§ **Data for processing**:

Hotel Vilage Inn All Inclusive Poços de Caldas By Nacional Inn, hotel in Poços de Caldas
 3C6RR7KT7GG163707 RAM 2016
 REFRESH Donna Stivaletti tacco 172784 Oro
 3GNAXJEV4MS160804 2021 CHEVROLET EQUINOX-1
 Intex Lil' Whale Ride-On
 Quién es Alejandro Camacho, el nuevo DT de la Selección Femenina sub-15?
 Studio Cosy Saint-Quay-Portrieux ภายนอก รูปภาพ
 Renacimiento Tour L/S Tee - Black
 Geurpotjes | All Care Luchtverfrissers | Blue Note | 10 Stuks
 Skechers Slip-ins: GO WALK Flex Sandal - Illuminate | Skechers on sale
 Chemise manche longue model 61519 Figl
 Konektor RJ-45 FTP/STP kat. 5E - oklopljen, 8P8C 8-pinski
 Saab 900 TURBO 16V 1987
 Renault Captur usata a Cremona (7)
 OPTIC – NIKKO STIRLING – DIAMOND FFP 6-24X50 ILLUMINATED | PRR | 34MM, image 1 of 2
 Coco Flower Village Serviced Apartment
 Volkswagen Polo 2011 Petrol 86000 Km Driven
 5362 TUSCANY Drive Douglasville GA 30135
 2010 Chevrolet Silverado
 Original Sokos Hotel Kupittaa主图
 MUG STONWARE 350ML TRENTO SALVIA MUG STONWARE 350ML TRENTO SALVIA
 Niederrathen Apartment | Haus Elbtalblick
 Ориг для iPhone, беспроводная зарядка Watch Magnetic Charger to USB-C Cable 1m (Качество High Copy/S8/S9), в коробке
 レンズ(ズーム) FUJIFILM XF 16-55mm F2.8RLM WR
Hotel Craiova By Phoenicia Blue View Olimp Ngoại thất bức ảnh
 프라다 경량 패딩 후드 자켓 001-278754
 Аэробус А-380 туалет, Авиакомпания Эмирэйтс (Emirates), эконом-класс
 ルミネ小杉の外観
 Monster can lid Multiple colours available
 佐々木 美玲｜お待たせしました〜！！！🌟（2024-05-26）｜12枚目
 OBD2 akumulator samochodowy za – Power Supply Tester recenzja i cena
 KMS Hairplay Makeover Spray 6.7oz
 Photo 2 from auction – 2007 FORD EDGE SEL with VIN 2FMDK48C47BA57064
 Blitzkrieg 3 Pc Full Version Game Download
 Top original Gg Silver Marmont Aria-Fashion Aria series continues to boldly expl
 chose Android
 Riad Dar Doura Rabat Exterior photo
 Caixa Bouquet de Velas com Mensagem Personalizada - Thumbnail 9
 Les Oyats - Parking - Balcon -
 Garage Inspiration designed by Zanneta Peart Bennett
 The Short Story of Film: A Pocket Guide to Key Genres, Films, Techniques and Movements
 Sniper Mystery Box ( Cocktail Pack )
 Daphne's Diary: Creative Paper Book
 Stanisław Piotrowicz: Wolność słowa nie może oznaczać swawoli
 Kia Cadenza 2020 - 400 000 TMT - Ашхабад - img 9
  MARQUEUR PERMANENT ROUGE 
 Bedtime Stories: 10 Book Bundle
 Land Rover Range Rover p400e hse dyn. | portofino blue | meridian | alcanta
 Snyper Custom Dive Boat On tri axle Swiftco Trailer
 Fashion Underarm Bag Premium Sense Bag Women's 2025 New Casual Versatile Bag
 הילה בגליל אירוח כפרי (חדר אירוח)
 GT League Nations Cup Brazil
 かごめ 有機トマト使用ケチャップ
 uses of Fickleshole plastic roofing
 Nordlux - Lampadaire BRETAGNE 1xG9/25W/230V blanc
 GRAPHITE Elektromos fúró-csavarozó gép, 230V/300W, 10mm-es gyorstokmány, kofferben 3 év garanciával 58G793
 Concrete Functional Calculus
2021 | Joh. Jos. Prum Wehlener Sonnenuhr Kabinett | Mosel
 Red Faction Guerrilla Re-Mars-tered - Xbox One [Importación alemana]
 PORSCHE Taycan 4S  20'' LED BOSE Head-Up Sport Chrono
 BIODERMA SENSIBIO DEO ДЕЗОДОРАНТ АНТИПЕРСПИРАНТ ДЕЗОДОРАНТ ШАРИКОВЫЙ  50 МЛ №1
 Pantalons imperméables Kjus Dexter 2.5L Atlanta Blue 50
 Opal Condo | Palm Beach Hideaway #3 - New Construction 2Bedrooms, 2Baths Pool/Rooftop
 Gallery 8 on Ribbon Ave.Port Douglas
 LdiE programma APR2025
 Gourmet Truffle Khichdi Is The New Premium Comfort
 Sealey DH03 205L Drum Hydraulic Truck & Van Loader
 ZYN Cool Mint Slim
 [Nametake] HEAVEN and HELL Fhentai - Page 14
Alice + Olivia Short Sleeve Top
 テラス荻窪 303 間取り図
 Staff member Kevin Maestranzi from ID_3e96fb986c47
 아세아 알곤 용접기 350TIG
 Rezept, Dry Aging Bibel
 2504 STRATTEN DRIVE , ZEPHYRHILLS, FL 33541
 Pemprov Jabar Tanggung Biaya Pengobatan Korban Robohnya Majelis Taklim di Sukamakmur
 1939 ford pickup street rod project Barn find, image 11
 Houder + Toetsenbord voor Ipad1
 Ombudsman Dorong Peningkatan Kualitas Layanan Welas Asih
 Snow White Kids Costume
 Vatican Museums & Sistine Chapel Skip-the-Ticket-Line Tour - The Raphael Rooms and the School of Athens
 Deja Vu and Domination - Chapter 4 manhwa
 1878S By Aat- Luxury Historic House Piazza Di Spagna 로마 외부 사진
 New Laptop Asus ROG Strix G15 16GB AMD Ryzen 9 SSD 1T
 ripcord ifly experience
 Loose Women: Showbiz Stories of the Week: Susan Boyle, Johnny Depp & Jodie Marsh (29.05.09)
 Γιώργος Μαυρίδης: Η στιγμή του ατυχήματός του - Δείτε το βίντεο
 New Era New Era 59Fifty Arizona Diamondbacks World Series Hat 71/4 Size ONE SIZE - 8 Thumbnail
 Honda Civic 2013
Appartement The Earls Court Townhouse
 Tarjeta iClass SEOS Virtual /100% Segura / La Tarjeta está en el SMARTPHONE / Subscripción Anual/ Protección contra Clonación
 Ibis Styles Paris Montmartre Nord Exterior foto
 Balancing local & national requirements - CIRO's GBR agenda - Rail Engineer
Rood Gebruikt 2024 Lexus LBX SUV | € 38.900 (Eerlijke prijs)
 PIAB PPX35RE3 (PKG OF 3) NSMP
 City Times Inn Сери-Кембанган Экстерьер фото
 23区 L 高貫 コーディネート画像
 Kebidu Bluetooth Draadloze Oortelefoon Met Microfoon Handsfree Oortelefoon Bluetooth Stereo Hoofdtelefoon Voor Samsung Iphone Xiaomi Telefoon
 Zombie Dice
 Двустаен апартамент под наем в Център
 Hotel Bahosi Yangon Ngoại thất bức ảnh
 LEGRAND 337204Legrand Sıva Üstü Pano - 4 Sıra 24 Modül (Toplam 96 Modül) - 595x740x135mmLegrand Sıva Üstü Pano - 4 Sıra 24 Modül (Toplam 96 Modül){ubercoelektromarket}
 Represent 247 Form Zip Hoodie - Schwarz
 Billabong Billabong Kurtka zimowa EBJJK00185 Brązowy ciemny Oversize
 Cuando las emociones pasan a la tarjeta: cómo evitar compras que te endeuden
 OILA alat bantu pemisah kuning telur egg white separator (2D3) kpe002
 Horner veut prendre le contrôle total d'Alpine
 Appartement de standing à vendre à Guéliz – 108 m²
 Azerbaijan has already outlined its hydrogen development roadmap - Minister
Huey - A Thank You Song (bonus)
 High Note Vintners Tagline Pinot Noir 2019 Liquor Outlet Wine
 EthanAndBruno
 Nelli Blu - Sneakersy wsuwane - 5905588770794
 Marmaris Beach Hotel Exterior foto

§ **Problem description**: Copy exactly the stretch of data above from the line with "Sealey DH03 205L" through the line with "아세아 알곤 용접기 350TIG", and omit all other lines.

§ **Exercise output**:
 Sealey DH03 205L Drum Hydraulic Truck & Van Loader
 ZYN Cool Mint Slim
 [Nametake] HEAVEN and HELL Fhentai - Page 14
Alice + Olivia Short Sleeve Top
 テラス荻窪 303 間取り図
 Staff member Kevin Maestranzi from ID_3e96fb986c47
 아세아 알곤 용접기 350TIG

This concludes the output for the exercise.